Saya ingin mengemukakan dua fakta
sebagai gambaran kondisi kita. Menurut penelitian Bank Pembangunan Islam
(IDB), potensi ZIS (zakat, infak, sedekah) di Indonesia di atas Rp 200
triliun). Pada 2016, dana ZIS yang terkumpul melalui LAZ/BAZ berjumlah
sekitar Rp 5 triliun. Mungkin yang menyalurkan ZIS tak melalui LAZ/BAZ
juga sebesar Rp 5 triliun. Keseluruhannya sekitar Rp 10 triliun.
Dibandingkan dengan Rp 200 triliun, jumlah itu hanya mencapai 5 persen.

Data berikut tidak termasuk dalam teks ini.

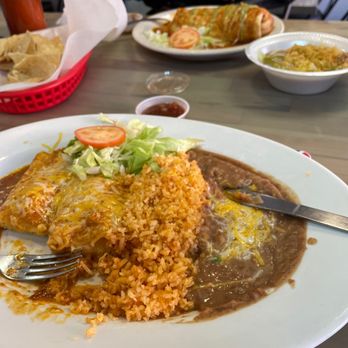 Los Altenos - Chicken enchiladas - Mexican Near Me - Flagstaff, Arizona Los Altenos - Chicken enchiladas - Mexican Near Me - Flagstaff, Arizona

Jumlah yang pergi umrah setiap tahun
mencapai satu juta orang. Kalau satu orang membayar 2.000 dollar AS,
dana untuk pergi umrah per tahun mencapai 2 miliar dollar AS atau
sekitar 27 triliun rupiah. Ibadah umrah yang, menurut saya, prioritasnya
ada di bawah ZIS ternyata mampu menarik dana dari rekening Muslimin
Indonesia hampir tiga kali lipat jumlah dana ZIS per tahun. Sekali
lagi, ibadah mahda lebih menarik, lebih nikmat dan dianggap lebih utama dibandingkan dengan ibadah sosial.

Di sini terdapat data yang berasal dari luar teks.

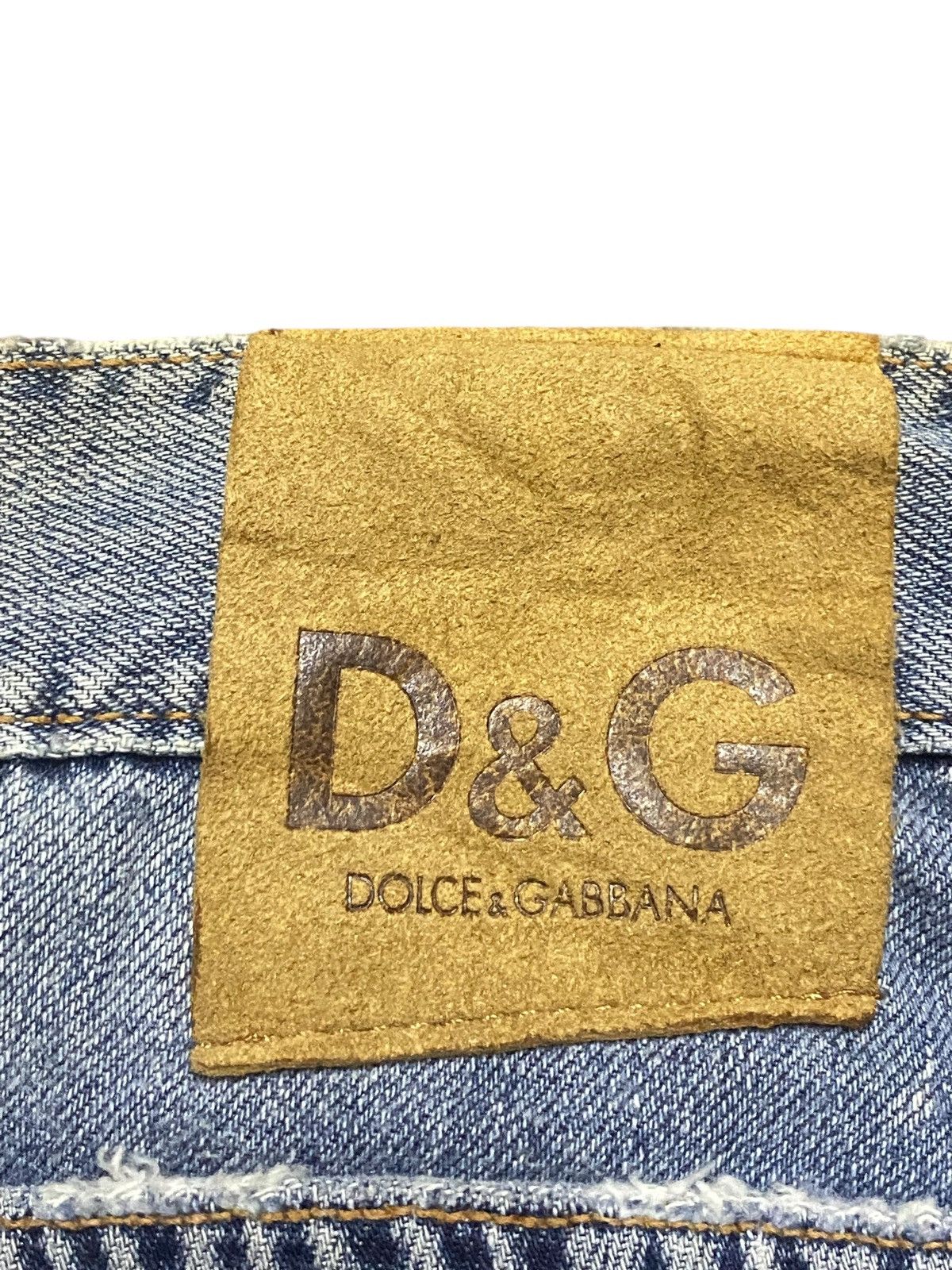 Dolce & Gabbana Vintage Dolce &. Gabbana Light Wash Distressed Enough Baggy Size US 30 / EU 46 - 18 Thumbnail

Saya menduga banyak umat Islam yang
belum atau tidak sepenuhnya menyadari arti penting dari apa yang
dikemukakan di atas. Kalau mereka sering diingatkan, insyaallah
mereka akan tergerak untuk mau membantu saudara seagama atau saudara
sebangsa yang mengalami kekurangan gizi dan kekurangan lain. Mungkin
diperlukan suatu sistem yang membantu memudahkan Muslimin untuk bisa
membantu orang yang kekurangan gizi di sekitar lingkungan di mana dia
tinggal.
Tulisan ini pernah dimuat di harian Kompas, pada 9 Juni 2017, dimuat ulang untuk keperluan pendidikan.